Crossing the railway was the most risky thing one could do in Nakuru. Punishment for the crime was swift. The only other thing that was worse than crossing the line was leaving coins on the rails.

Boys had this penchant, believing that doing so would derail the trains. And for their troubles, they would be promptly arrested and assaulted by the railway police. Today, the rules have relaxed, probably because the trains are not as regular.

As a boy, I occasionally rode on the train to Rongai, where I had relatives.

My first impressionable encounter with the train was when, at around 9pm one day, we made our way to the station.

There is a big platform where the passengers waited. We called it Kiferi.

On that night, there was a multitude of people carrying all manner of goods.

And those who were heading to Kisumu and other stations in the hinterlands had little patience with those of us doing the shorter distances.

SCOUTS

They would scramble for all the choicest spots. All I remember was how over-crowded we were in the third class coach and how dark it was outside.

Years later, I had the first comfortable train ride of my life. By then, I was a member of the 19th Railways Scouts, a troop allied to and partly supported by Kenya Railways.

I have never forgotten the ride because that term, I was third from last in end-of-term examinations. I carefully hid my report form under a pile of clothes on closing day and promptly joined my fellow scouts on a trip to Rowallan camp, where we were to spend a week.

We were assigned an entire coach to ourselves and had more than enough room to play. What’s more, we made the trip by day and there was plenty to see outside.

Decades later, as a journalist, the call of duty took me to Japan and one of the most memorable highlights of the trip was a railway journey from Hiroshima and Tokyo.

I rode on the Shinkansen line — also called Nozomi — one of the fastest and safest trains in the world.

30M PEOPLE

Days before I boarded the train, I had been warned that “time and Shinkansen wait for no man”. If I missed my train, I would also lose my money.

There were no two ways about it. I had to keep time.

The train, my informants told me, was punctual to a fault, spending no more than five minutes at any given station. And it did not just stop anywhere. You had to wait for it at the right station.

The journey from Hiroshima to Tokyo inspired me to a write a piece on the need for Kenya to revolutionise its public transport.

Back then, Tokyo alone had 30 million people. Over 90 per cent of them used to trains.

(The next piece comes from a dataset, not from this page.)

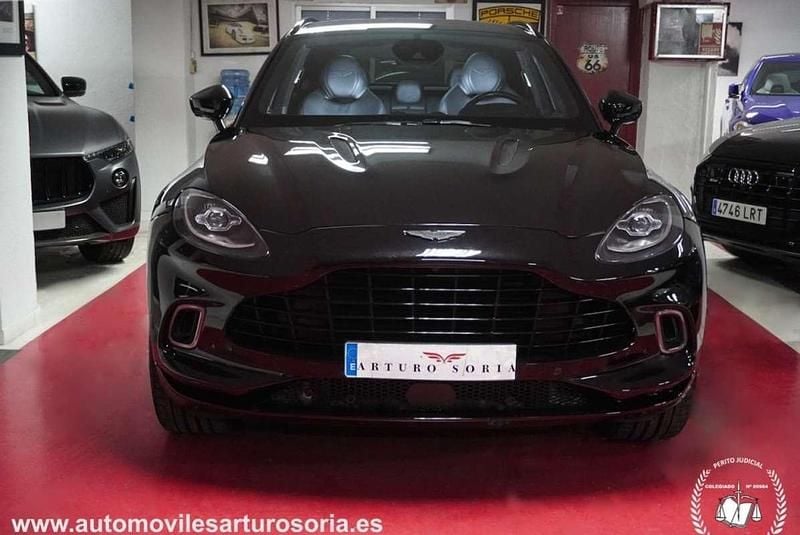 Usado Aston Martin DBX 551 CV (405 kW) 2021 Negro SUV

The others used buses and only used taxis for short commutes.

Parking in Tokyo is one of the biggest luxuries, although cars were more than fairly priced.

Owning one, however, was too much work. If you wanted to be on time, you took the train.

UNDERGROUND

It was possible to give someone an appointment for 11.12am. You knew, without a shadow of doubt, that you would be at the appointed place on time. Their train system is that reliable.

My first encounter with an underground train was in Berlin, Germany.

There, one was spoilt for choice. Commuters could take the S-Barn, the surface train, or the U-Barn, the underground train.

All were precise in keeping time to a fault. The inter-city trains, powerful machines that traverse breathtaking landscapes are more comfortable than short haul aeroplane journeys but they are also expensive by comparison, sometimes, more expensive than a budget airline ticket for the same distance.

Back in Nairobi, when the RVR commuter train was introduced a few years ago, I made the mistake of promising my two sons that I would take them on a train ride.

Unfortunately, when I inquired about the journeys, I was informed that there were only two trips to the city in the morning and two out in the evening.

There was no way I was going to put boys on that train. Now, however, I hope to put them on the new one and they can get to experience the joy I did when I was a youngster.